= STORED DATA =

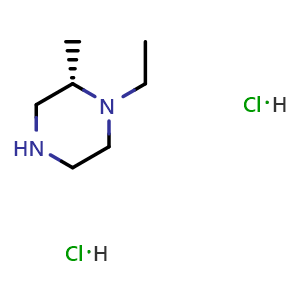 (S)-1-ethyl-2-methylpiperazine dihydrochloride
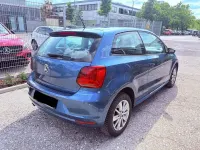 Gebraucht VW Polo Comfortline 90 PS (66 kW) 2016 Blau Kleinwagen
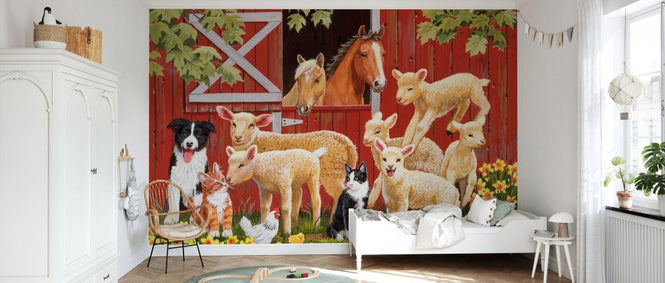 PHOTOWALL / Springtime Lambs (e332611)
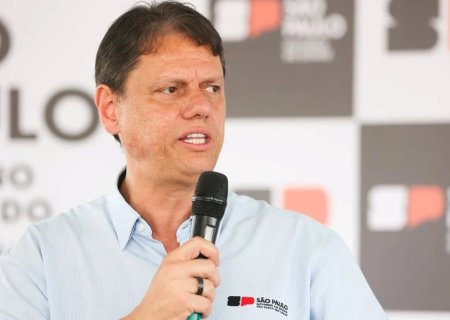 Tarcísio afirma que será candidato à reeleição em SP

= WHAT THE TASK REQUIRES =
Reproduce the entire listing above precisely, but keep the images out.

= SOLUTION BELOW =
 (S)-1-ethyl-2-methylpiperazine dihydrochloride
 Gebraucht VW Polo Comfortline 90 PS (66 kW) 2016 Blau Kleinwagen
 PHOTOWALL / Springtime Lambs (e332611)
 Tarcísio afirma que será candidato à reeleição em SP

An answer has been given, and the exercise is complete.